Fifth: No matter how many social movements and social initiatives we have, the relentless march to imbalance will continue until the plural sector get its collective act together. There is a growing divide between all the micro good being done by many people and all the macro destruction ensuing for the benefit of a few. This has to be reversed, but isolated efforts, no matter how numerous, will not do it.

Business has become a powerful force in the world today because when it comes to common cause—for example, lobbying for tax breaks—businesses that normally compete with each other are able to speak with one voice, in their chambers of commerce and other institutions. The plural sector may be about cooperation, yet it rarely gets its act together with such effect.

This is what I call The BIG Question: How to consolidate the disparate efforts of the plural sector into a movement for radical renewal? Don’t think that I am looking for some leader, or lead institution. To repeat, the plural sector is us, beyond our institutions and our leadership. By internalizing a compelling set of beliefs, we will be able to act naturally and vigorously for the radical renewal of this troubled world.

As noted, John’s comments on this TWOG will be posted here mid-week.

1. The book can be accessed at

2. In 2011, a prominent American made a speech with the following points: “(1) that the United States is now governed by a ‘permanent political class’ drawn from both parties, which is increasingly cut off from the concerns of regular people; (2) that these Republicans and Democrats have allied with big business to mutual advantage to create…’corporate crony capitalism’; (3) that the real political divide in the United States may no longer be between friends and foes of big government, but between friends and foes of vast, remote, unaccountable institutions (both public and private). [The speaker] went on to condemn corporate lobbyists, special interests, and ‘the collusion of big government and big business and big finance to the detriment of all the rest…’” These words came, not from any left wing radical, but from Sarah Palin, darling of the U.S. Tea Party Movement. (in Giridharadas, A. 2011, September 9. “Some of Sarah Palin’s ideas across the political divide.” New York Times. www.nytimes.com/2011/09/10/us/10iht-currents10.html)

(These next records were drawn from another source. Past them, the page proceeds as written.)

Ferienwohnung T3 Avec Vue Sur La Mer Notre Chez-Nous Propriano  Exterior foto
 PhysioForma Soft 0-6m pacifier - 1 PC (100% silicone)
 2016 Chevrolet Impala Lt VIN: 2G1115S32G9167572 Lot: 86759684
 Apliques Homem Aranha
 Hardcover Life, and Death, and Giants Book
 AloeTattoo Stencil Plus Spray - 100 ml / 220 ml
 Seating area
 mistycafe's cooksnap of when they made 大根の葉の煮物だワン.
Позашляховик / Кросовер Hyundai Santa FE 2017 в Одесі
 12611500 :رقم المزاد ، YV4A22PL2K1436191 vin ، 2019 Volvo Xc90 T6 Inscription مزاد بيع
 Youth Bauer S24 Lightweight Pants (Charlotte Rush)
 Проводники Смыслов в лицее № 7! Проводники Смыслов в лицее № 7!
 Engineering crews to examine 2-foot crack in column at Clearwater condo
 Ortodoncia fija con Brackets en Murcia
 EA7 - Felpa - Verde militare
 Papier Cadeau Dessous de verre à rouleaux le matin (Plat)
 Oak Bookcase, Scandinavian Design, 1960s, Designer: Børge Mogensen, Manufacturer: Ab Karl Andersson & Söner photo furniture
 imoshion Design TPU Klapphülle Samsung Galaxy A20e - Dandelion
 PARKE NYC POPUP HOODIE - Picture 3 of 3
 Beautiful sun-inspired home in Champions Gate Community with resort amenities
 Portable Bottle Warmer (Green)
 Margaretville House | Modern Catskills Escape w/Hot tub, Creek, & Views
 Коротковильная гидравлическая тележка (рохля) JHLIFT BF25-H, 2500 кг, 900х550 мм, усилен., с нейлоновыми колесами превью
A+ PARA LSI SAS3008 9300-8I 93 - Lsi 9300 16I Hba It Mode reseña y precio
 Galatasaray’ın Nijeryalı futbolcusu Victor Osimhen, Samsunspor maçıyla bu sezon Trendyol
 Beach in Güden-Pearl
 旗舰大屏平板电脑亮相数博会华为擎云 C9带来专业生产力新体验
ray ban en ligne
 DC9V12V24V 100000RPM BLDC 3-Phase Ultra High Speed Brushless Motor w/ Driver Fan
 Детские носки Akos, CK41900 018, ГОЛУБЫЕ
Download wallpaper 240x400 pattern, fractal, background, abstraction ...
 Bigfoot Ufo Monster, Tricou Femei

3. Gutierrez, J. A. 1998. The making of a Chicano militant: Lessons from Cristal. Madison: University of Wisconsin Press.

4. Kocieniewski, D. 2013a, July 22. Moving piles of aluminum is a bonanza for Wall St. International Herald Tribune. (Also: A shuffle of aluminum, but to banks, pure gold, New York Times, July 20, 2013, www.nytimes.com/2013/07/21/business/a-shuffleof-aluminum-but-to-banks-pure-gold.html)

5. Hawken, P. 2007. Blessed unrest: How the largest movement in the world came into being, and why no one saw it coming. New York: Viking Penguin, p. 3. An appendix of over 100 pages lists many of these activities.